→ **PROMPT**: Exactly the lines starting at the line containing "Alpino Lápices De" and ending at the line containing "Super MAMI Aperitivo" are to be written out from the listing below, both included.

--- DATA SUPPLIED Enclosed Below ---

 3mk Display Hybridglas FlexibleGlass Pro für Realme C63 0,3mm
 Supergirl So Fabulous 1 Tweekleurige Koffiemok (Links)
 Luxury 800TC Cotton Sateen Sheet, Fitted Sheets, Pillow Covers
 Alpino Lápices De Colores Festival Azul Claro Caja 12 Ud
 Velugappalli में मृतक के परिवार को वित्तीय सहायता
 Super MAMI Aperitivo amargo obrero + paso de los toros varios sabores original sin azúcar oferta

--- End of Enclosed DATA SUPPLIED ---
--- DATA SUPPLIED Enclosed Below ---

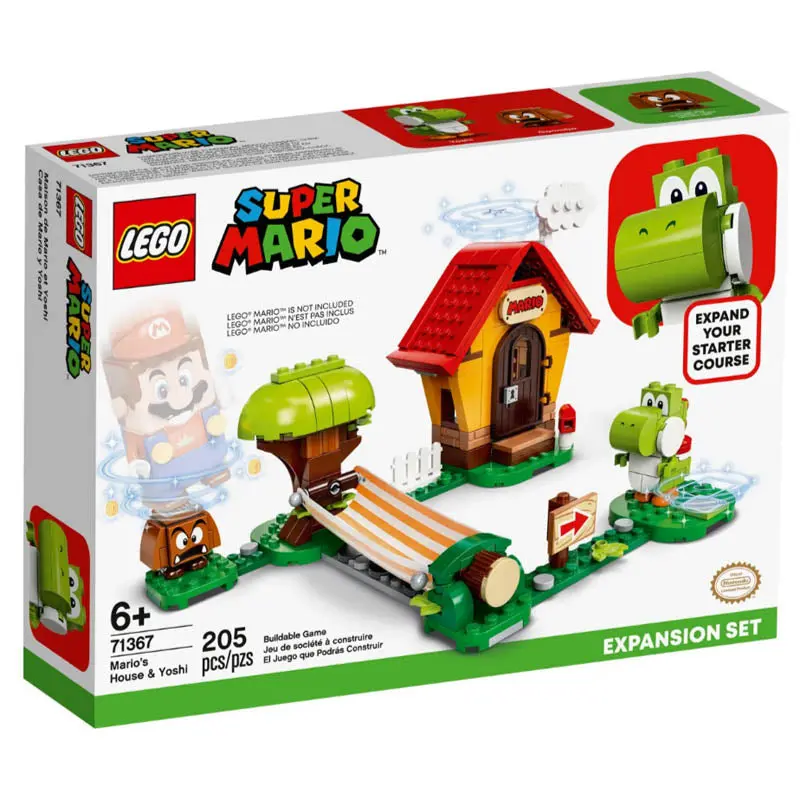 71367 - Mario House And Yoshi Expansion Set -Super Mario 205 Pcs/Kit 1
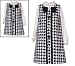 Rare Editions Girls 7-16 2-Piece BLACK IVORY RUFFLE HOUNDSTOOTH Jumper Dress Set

--- End of Enclosed DATA SUPPLIED ---

→ **ANSWER BOX**:
 Alpino Lápices De Colores Festival Azul Claro Caja 12 Ud
 Velugappalli में मृतक के परिवार को वित्तीय सहायता
 Super MAMI Aperitivo amargo obrero + paso de los toros varios sabores original sin azúcar oferta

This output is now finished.